━━━ Record extracts
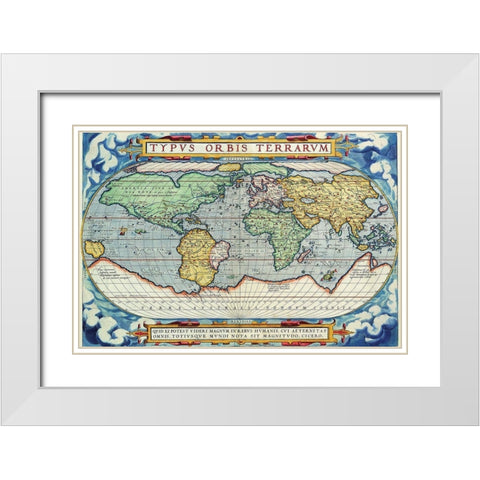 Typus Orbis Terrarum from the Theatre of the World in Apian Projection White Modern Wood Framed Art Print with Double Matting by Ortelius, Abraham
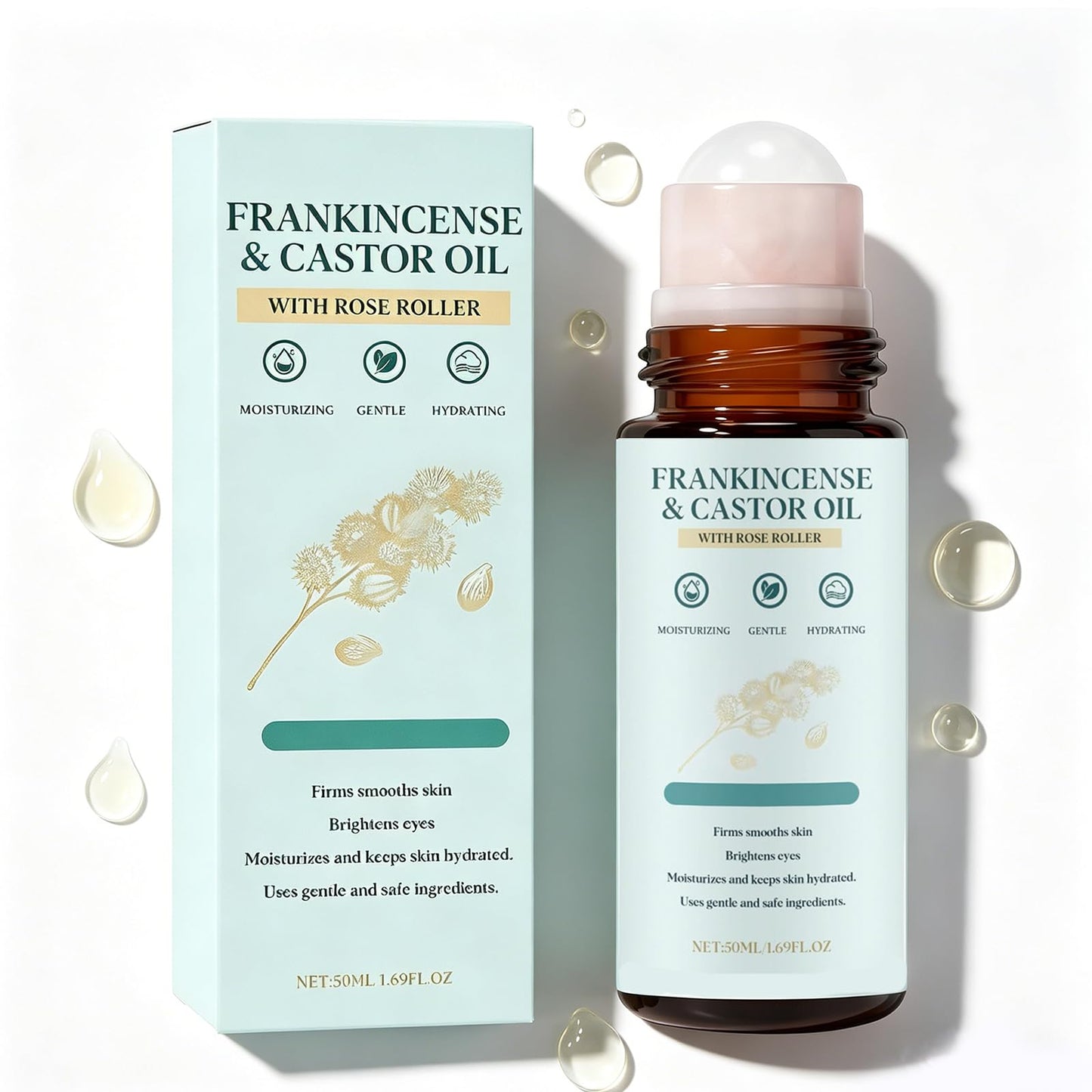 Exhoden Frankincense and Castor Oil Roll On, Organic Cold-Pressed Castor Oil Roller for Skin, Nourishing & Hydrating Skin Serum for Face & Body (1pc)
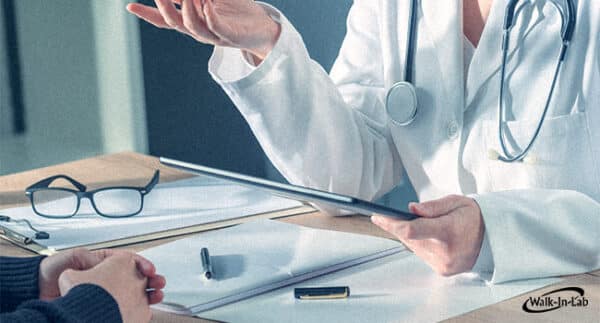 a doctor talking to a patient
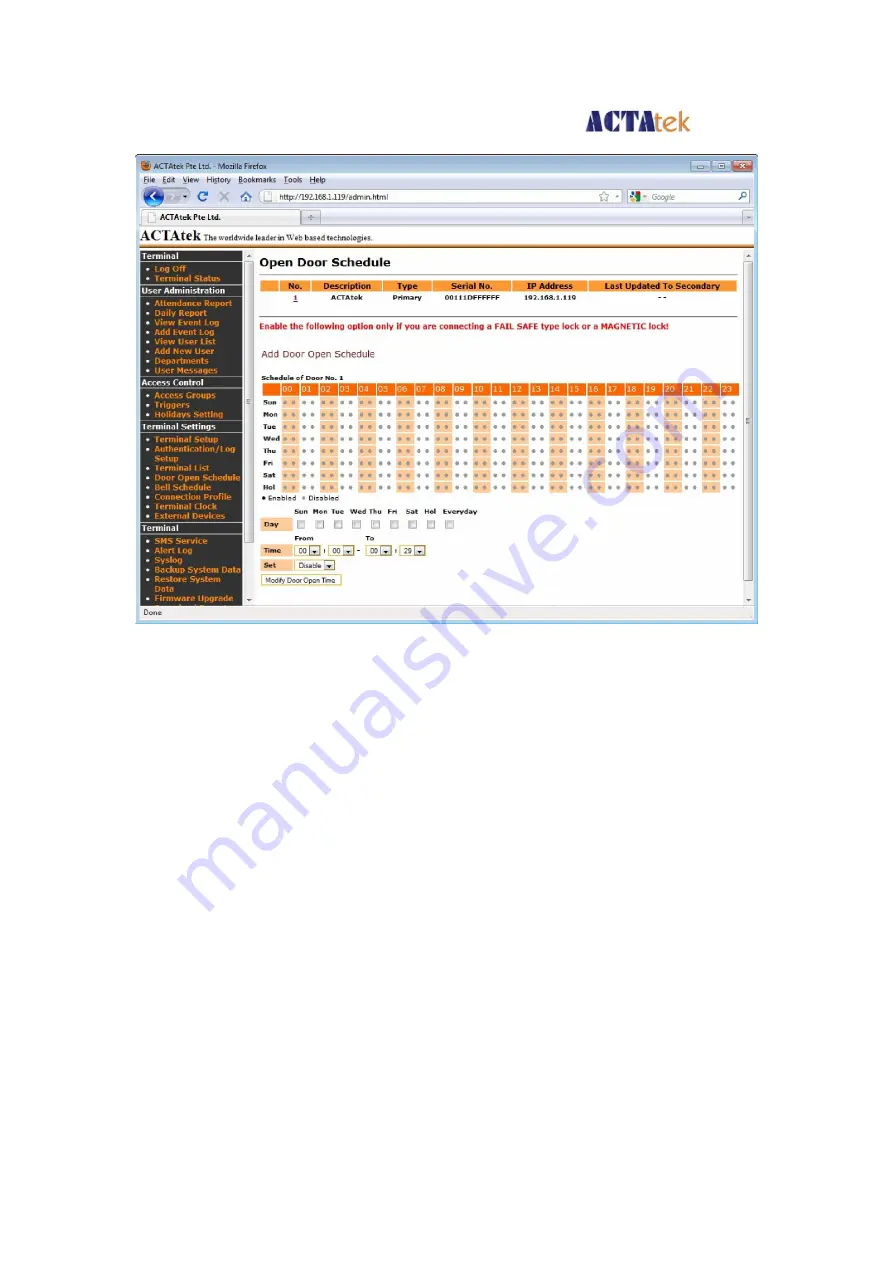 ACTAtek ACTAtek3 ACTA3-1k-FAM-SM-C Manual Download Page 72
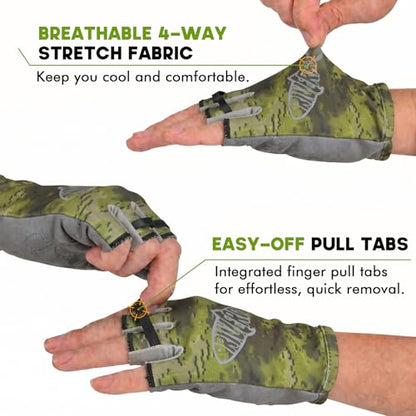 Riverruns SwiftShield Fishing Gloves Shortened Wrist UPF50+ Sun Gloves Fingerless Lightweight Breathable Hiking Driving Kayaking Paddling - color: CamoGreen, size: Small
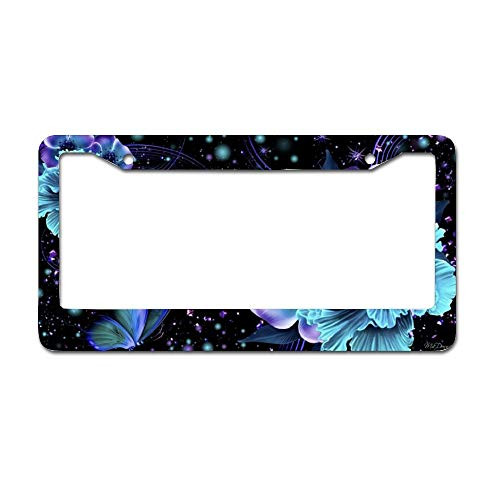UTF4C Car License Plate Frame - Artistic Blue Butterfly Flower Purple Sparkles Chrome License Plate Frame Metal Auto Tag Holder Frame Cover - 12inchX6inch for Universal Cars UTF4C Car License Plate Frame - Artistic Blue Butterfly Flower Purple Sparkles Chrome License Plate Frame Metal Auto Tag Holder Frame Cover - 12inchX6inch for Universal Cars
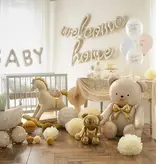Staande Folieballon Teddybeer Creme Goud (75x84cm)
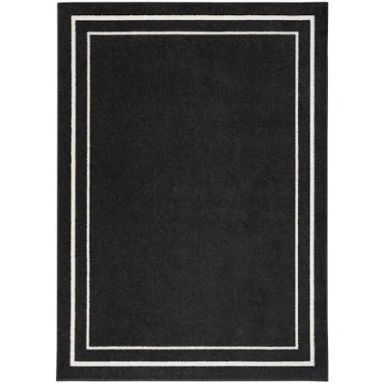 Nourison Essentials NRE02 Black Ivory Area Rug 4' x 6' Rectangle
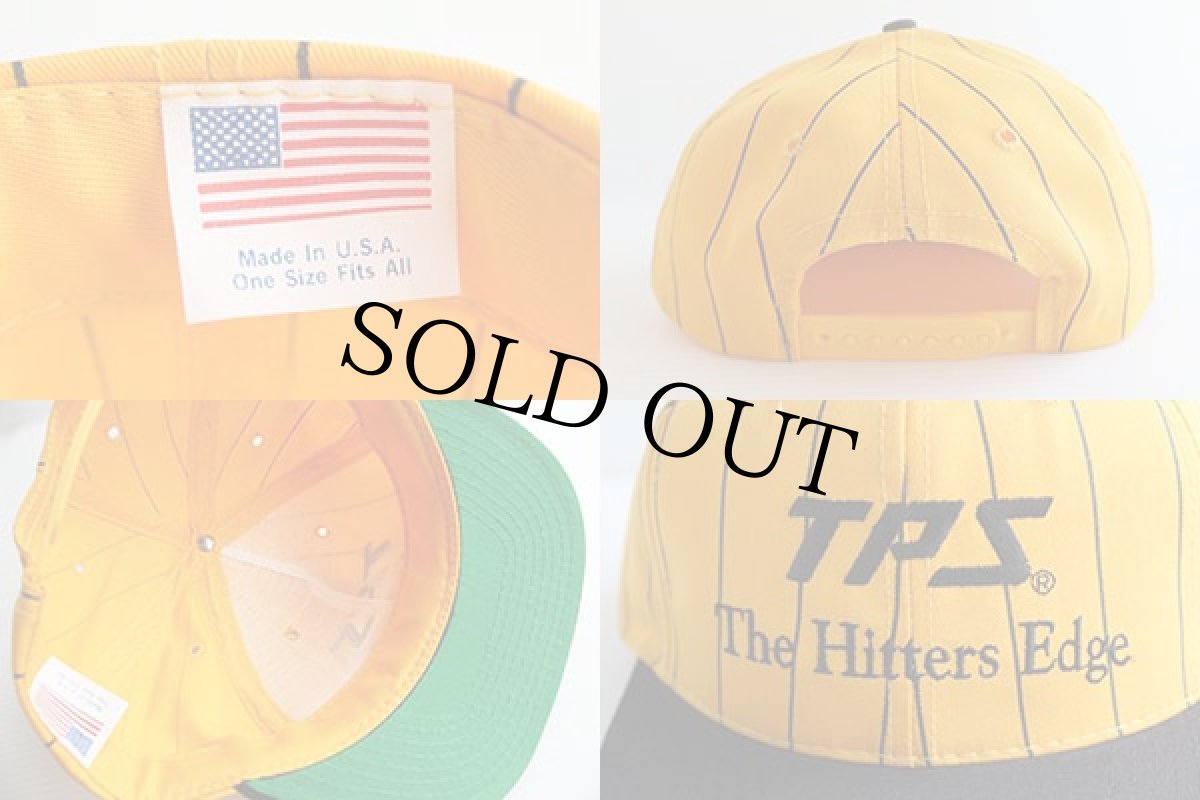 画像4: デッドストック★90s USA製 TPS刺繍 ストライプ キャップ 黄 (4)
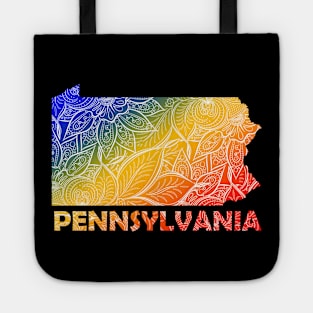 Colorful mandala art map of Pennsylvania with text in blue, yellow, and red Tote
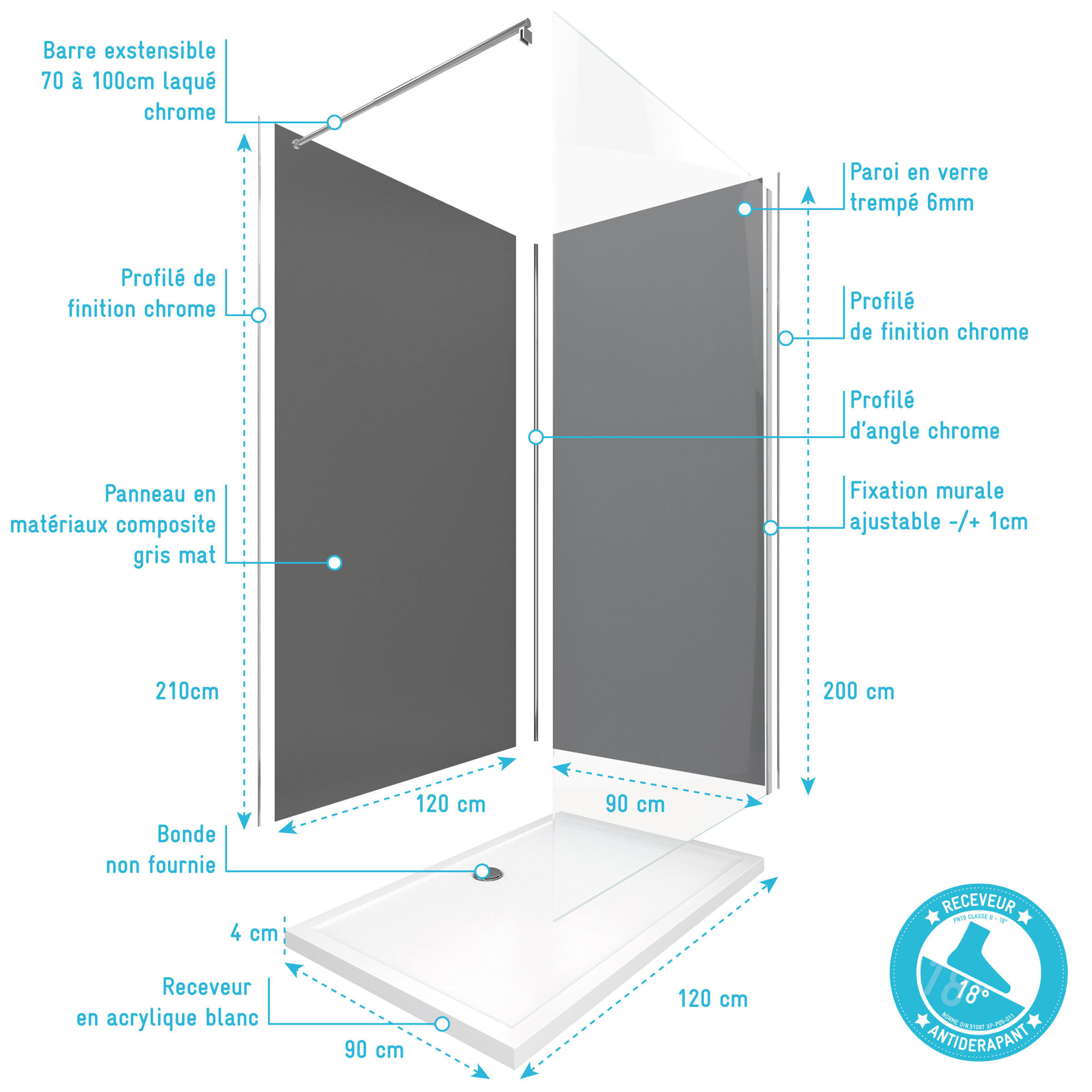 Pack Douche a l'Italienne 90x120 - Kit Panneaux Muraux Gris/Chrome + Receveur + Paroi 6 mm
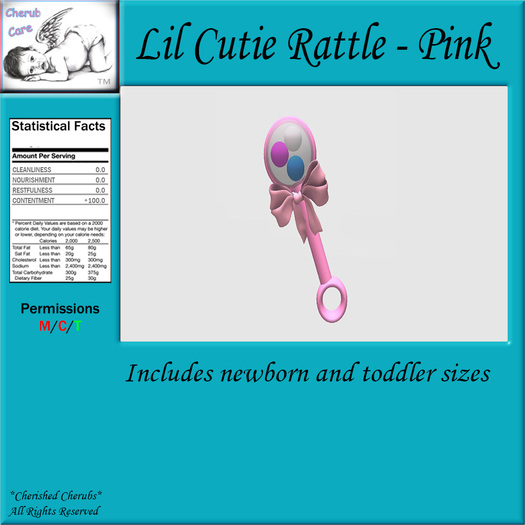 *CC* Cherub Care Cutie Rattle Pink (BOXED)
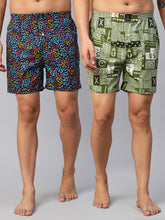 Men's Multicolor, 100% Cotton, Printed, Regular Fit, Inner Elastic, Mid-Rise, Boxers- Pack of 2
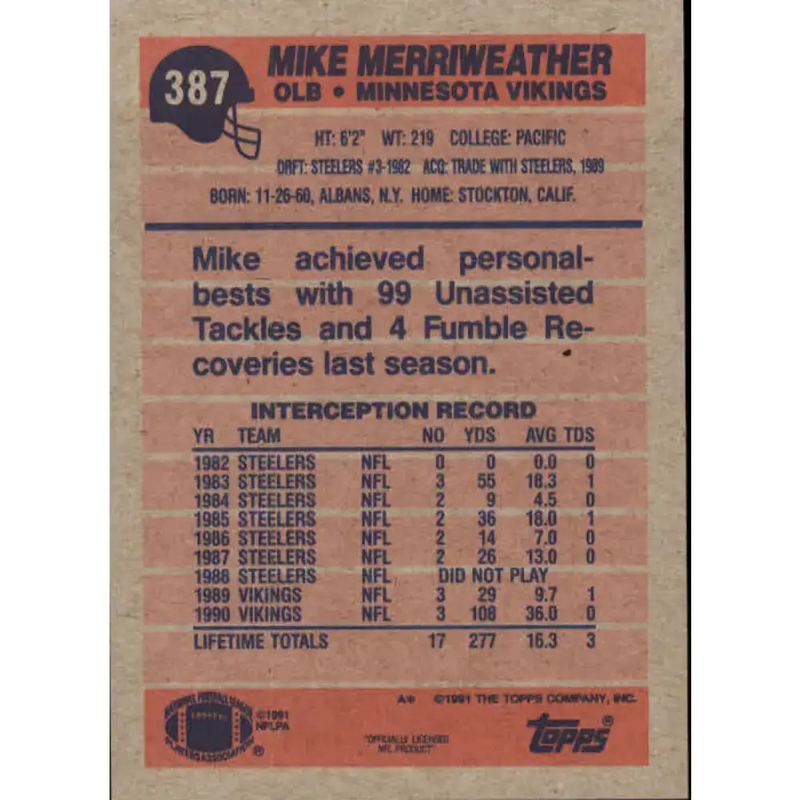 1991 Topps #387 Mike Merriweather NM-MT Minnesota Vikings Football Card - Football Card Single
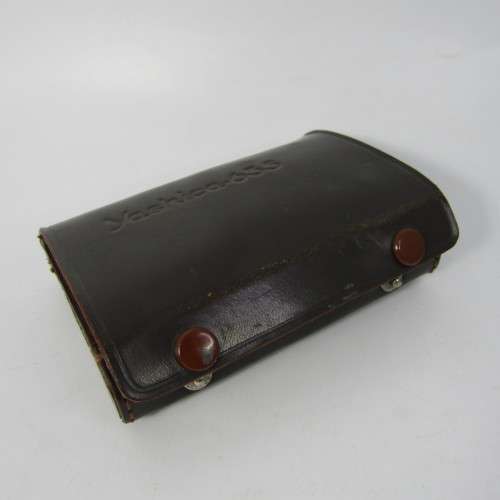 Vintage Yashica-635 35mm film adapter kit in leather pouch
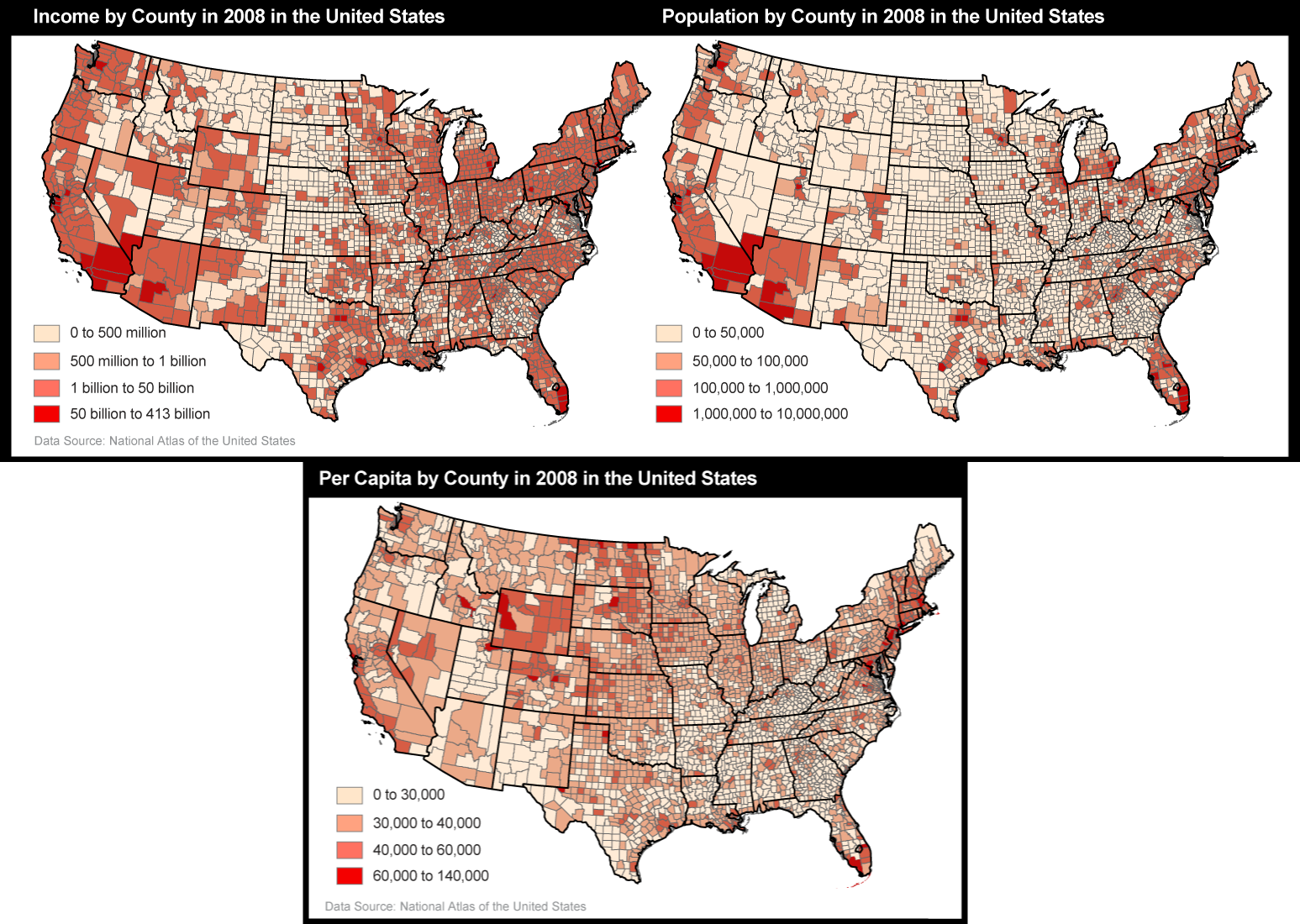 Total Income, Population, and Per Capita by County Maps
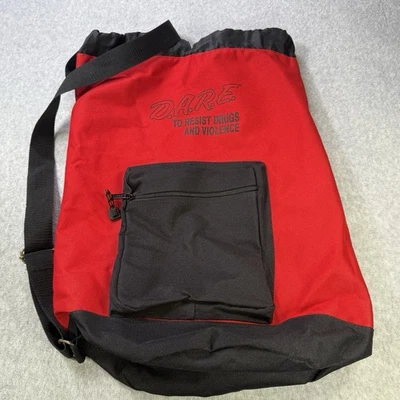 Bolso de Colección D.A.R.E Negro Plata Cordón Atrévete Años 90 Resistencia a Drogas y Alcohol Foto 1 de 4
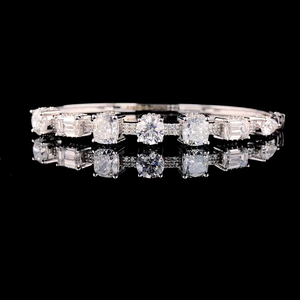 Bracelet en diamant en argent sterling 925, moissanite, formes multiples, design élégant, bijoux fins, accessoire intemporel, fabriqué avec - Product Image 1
━━━━━━
Exercise — Look above for the line containing "Riverruns SwiftShield Fishing" and the line containing "Nourison Essentials NRE02", then reproduce both and everything between them exactly, pictures omitted.

Response for this exercise —
 Riverruns SwiftShield Fishing Gloves Shortened Wrist UPF50+ Sun Gloves Fingerless Lightweight Breathable Hiking Driving Kayaking Paddling - color: CamoGreen, size: Small
UTF4C Car License Plate Frame - Artistic Blue Butterfly Flower Purple Sparkles Chrome License Plate Frame Metal Auto Tag Holder Frame Cover - 12inchX6inch for Universal Cars UTF4C Car License Plate Frame - Artistic Blue Butterfly Flower Purple Sparkles Chrome License Plate Frame Metal Auto Tag Holder Frame Cover - 12inchX6inch for Universal Cars
Staande Folieballon Teddybeer Creme Goud (75x84cm)
 Nourison Essentials NRE02 Black Ivory Area Rug 4' x 6' Rectangle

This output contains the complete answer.